**Task goal**
Search the listing below for lines containing the string "Jacquard". Reply with their count only.

**Source material**
-----

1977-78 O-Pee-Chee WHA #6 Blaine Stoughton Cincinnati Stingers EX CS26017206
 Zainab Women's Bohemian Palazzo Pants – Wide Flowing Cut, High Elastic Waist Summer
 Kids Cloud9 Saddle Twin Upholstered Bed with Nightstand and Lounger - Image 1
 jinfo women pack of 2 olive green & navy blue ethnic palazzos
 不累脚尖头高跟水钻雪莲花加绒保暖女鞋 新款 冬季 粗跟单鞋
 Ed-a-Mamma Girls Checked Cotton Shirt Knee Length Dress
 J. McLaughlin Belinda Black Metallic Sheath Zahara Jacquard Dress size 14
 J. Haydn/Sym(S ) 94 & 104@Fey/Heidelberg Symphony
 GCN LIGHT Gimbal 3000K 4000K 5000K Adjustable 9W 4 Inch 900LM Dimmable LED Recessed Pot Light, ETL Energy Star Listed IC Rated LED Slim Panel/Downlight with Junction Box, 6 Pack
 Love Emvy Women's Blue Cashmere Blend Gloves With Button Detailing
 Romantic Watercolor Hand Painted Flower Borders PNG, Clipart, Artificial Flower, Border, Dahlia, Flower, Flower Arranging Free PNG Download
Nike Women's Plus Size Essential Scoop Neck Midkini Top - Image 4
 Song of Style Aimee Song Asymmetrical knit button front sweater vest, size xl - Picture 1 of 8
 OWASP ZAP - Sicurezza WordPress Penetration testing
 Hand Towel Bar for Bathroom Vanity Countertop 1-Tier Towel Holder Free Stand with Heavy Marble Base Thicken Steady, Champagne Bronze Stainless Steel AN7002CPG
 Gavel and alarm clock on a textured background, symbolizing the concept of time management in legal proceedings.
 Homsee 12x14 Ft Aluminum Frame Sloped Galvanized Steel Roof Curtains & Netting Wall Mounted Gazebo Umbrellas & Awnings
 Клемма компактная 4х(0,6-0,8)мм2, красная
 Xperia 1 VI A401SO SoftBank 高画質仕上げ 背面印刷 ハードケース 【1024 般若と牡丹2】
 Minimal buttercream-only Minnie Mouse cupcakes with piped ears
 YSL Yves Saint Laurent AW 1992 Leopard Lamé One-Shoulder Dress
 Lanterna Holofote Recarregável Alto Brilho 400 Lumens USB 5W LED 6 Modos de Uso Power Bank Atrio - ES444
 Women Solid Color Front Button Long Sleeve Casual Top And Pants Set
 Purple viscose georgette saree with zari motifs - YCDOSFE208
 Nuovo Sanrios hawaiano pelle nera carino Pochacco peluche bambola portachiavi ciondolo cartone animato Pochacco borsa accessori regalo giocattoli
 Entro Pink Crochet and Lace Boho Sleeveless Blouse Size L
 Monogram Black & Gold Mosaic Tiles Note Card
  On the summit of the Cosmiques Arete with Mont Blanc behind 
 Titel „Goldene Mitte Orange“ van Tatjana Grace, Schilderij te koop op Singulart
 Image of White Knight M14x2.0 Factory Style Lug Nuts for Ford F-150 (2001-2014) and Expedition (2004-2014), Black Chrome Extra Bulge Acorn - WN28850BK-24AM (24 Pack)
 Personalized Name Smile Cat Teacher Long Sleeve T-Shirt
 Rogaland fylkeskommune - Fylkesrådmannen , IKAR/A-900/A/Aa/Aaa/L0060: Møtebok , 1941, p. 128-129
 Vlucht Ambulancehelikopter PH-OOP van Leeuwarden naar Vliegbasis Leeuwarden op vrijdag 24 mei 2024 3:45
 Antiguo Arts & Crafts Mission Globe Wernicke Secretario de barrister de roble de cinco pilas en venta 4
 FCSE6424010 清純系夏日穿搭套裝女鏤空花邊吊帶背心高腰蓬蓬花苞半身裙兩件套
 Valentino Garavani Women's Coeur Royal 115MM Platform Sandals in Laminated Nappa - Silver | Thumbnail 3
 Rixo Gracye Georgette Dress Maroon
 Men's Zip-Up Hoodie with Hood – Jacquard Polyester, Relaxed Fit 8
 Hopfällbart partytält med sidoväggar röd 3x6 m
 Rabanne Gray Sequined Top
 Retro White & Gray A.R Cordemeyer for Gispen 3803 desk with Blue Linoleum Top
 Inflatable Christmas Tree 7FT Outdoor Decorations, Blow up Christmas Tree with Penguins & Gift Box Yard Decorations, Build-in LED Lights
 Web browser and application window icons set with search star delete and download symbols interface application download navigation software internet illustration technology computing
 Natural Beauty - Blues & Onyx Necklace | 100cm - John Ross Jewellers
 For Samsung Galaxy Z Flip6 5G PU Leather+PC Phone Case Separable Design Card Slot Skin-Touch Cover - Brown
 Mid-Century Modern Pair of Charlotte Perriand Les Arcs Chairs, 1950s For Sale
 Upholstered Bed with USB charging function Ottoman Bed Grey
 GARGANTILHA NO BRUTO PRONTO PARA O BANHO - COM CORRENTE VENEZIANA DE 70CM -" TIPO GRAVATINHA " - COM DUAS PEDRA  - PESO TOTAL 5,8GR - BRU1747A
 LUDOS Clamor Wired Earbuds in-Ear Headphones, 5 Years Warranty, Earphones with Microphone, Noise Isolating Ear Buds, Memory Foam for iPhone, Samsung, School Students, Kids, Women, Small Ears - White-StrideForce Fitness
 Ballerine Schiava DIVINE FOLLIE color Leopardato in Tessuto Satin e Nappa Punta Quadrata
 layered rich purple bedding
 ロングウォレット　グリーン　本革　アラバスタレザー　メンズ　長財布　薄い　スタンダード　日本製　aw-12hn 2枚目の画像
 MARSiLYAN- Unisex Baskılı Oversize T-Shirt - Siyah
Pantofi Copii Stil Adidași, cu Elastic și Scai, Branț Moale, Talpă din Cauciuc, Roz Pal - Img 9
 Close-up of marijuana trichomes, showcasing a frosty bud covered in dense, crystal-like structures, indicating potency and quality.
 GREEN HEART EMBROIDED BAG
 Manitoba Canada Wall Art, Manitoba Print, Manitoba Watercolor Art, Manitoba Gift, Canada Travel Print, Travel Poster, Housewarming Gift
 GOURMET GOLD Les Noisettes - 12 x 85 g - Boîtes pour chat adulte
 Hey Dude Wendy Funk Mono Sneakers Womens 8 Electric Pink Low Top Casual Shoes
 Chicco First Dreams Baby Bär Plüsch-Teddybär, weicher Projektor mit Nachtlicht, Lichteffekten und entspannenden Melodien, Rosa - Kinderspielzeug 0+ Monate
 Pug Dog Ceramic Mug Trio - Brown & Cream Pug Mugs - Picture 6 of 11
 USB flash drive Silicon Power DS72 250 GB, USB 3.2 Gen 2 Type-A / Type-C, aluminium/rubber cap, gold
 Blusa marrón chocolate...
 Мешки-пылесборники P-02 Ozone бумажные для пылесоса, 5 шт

-----

**Solution**
2